Below are the records; give again exactly the lines from the one containing "新铜时代《好事花生》纯黄铜吊坠手机钥匙挂件礼品寓意好事伴手礼" through the one containing "F21 Sweater halter top", leaving out pictures.

▶ _Data to examine_
╭──

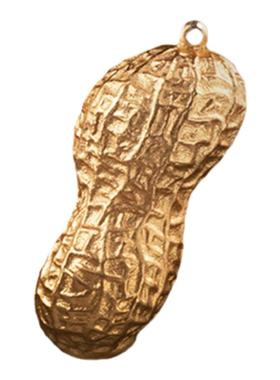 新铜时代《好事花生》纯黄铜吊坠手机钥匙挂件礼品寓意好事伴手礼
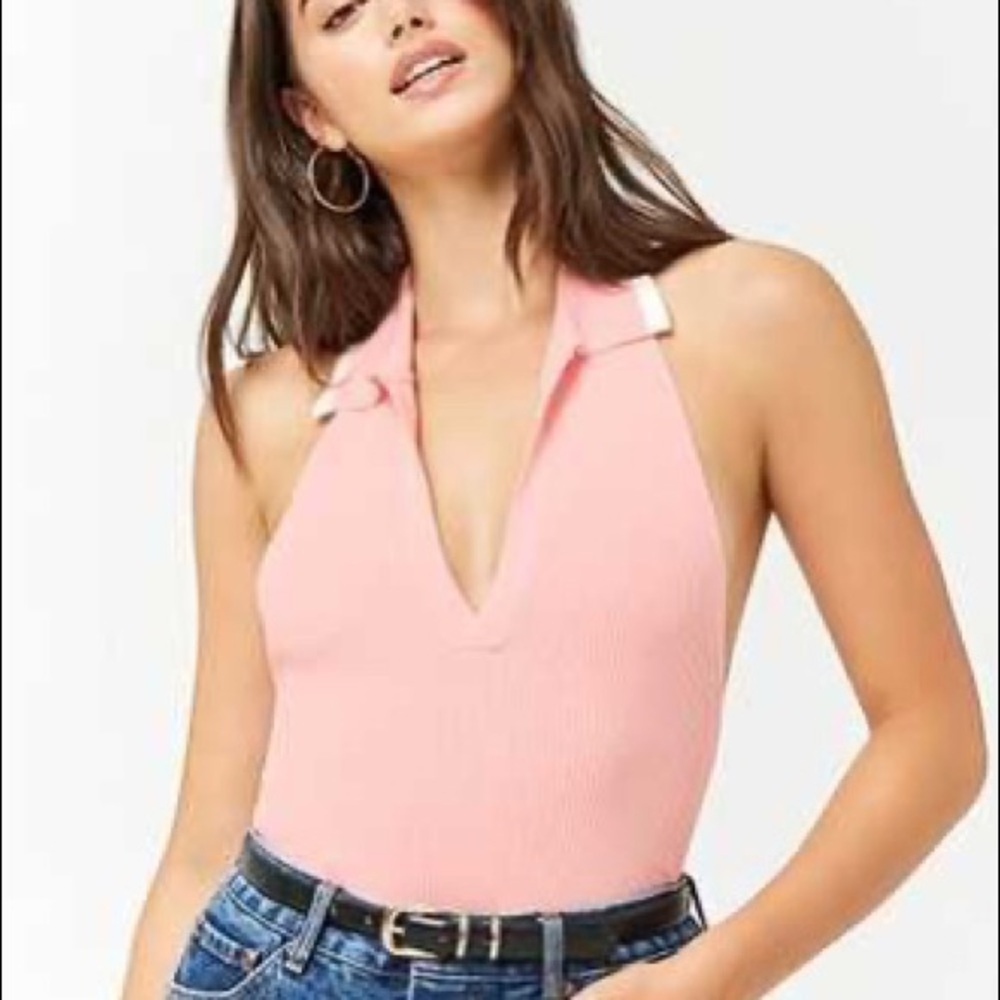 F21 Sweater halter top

╰──
╭──

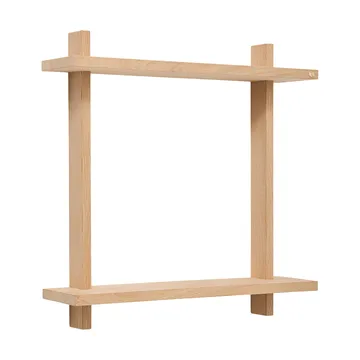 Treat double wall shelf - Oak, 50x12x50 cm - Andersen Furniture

╰──

▶ _Written response_
 新铜时代《好事花生》纯黄铜吊坠手机钥匙挂件礼品寓意好事伴手礼
 F21 Sweater halter top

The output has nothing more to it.